Ich denke ich verstehe da einfach nur was nicht richtig.

Danke


----------



## Rainer Hönle (29 September 2008)

Ist das der Plus oder der ++?


----------



## Lazarus™ (30 September 2008)

Es sind Plus. Also ohne Umweg, kein Iso-Protokoll...
Getestet ist das soweit auch schon, aber das "Standard"-ActiveX gefällt mir nicht so richtig. Würde lieber NoDave nehmen, damit ich Herstellerunabhängig bin...


----------



## Rainer Hönle (1 Oktober 2008)

Der Plus soll kompatibel zum normalen NetLink S7 sein und somit mit libnodave funktionieren. Habe dieses Teil aber auch noch nicht mit AGLink gestest und geprüft, ob diese Aussage wirklich stimmt.


----------



## Lazarus™ (1 Oktober 2008)

Danke Rainer,
ich werde das nächste Woche mal direkt hier testen...   Oder eben die ActiveX Schnittstelle nehmen...


----------



## marcengbarth (2 Oktober 2008)

Der NetLink Pro funktioniert mit dem Protokoll daveProtoNLPro.
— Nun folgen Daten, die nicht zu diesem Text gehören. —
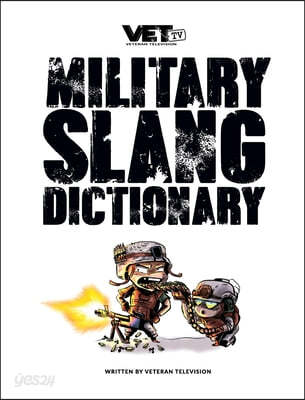 VET Tv&#39;s Military Slang Dictionary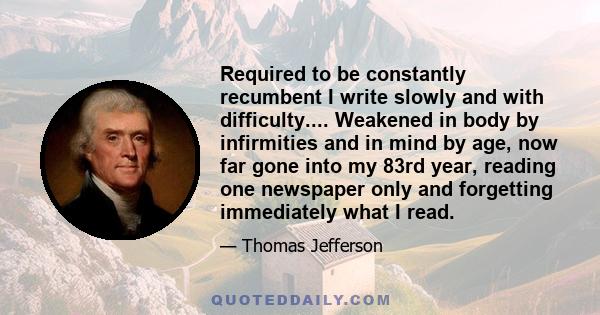 Required to be constantly recumbent I write slowly and with difficulty.... Weakened in body by infirmities and in mind by age, now far gone into my 83rd year, reading one newspaper only and forgetting immediately what I 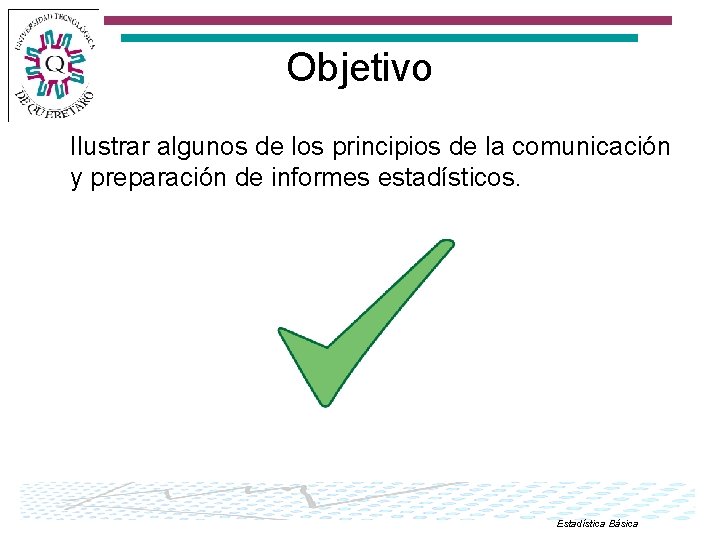Objetivo Ilustrar algunos de los principios de la comunicación y preparación de informes estadísticos.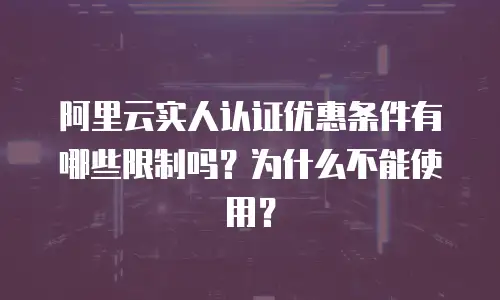阿里云实人认证优惠条件有哪些限制吗为什么,阿里云实人认证优惠条件有哪些限制吗为什么不能使用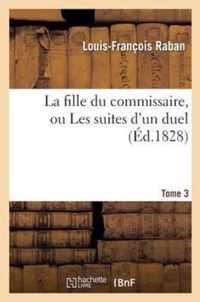 La Fille Du Commissaire, Ou Les Suites d'Un Duel. Tome 3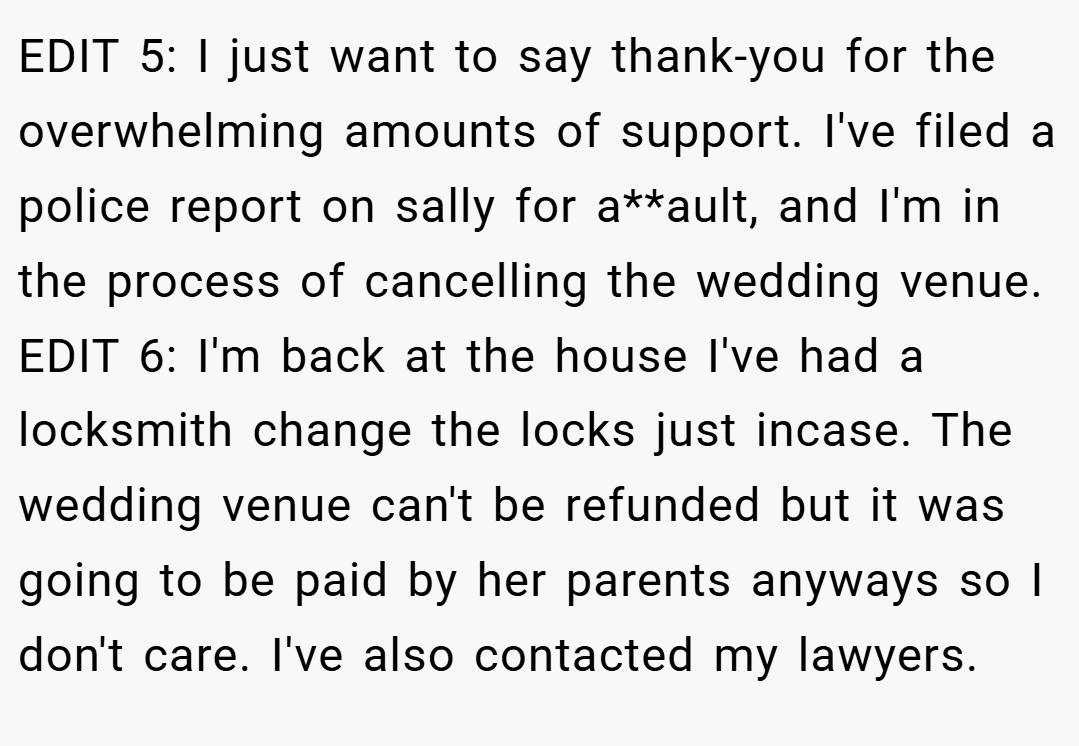 EDIT 5: I just want to say thank-you for the overwhelming amounts of support. I've filed a police report on sally for a**ault, and I'm in the process of cancelling the wedding venue. EDIT 6: I'm back at the house I've had a locksmith change the locks just incase. The wedding venue can't be refunded but it was going to be paid by her parents anyways so I don't care. I've also contacted my lawyers.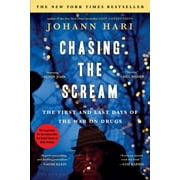 JOHANN HARI Chasing the Scream : The First and Last Days of the War on Drugs (Paperback)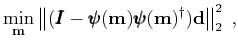 $\displaystyle \mathop{\mbox{min}}_{\mathbf{m}}\left\Vert(\pmb{I}-\pmb{\psi}(\mathbf{m})\pmb{\psi}(\mathbf{m})^\dagger)\mathbf{d}\right\Vert _2^2\;,$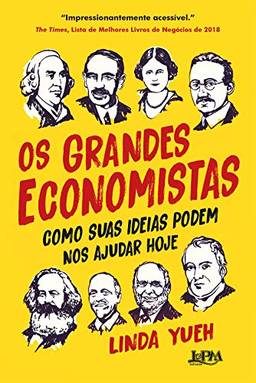 Os grandes economistas: como suas ideias podem nos ajudar hoje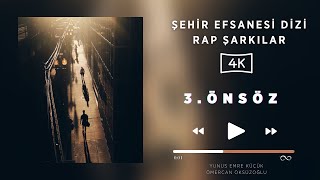 ÖNSÖZ - ŞEHİR EFSANESİ DİZİ RAP ŞARKILARI 3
Es kann sein, dass du den Port dann auf 7777 stellen musst.


----------



## Rainer Hönle (2 Oktober 2008)

marcengbarth schrieb:


> Der NetLink Pro funktioniert mit dem Protokoll daveProtoNLPro.
> 
> Es kann sein, dass du den Port dann auf 7777 stellen musst.



Es geht hier um den NetLink plus (rotes Kästchen) und leider nicht um den NetLink-PRO   Aber der sollte kompatibel zum NetLink sein (sagt Fa. Hilscher).


----------



## Lazarus™ (2 Oktober 2008)

Genau, es geht um das rote Kästchen...  

Bis jetzt ist leider kein Erfolg zu sehen. Verbindung mit Step7 geht jedoch einwandfrei, also kann es nur an meinem Programm oder eventuell an NoDave liegen. Ich gehe nun erst mal vom ersteren aus und werde weiter testen...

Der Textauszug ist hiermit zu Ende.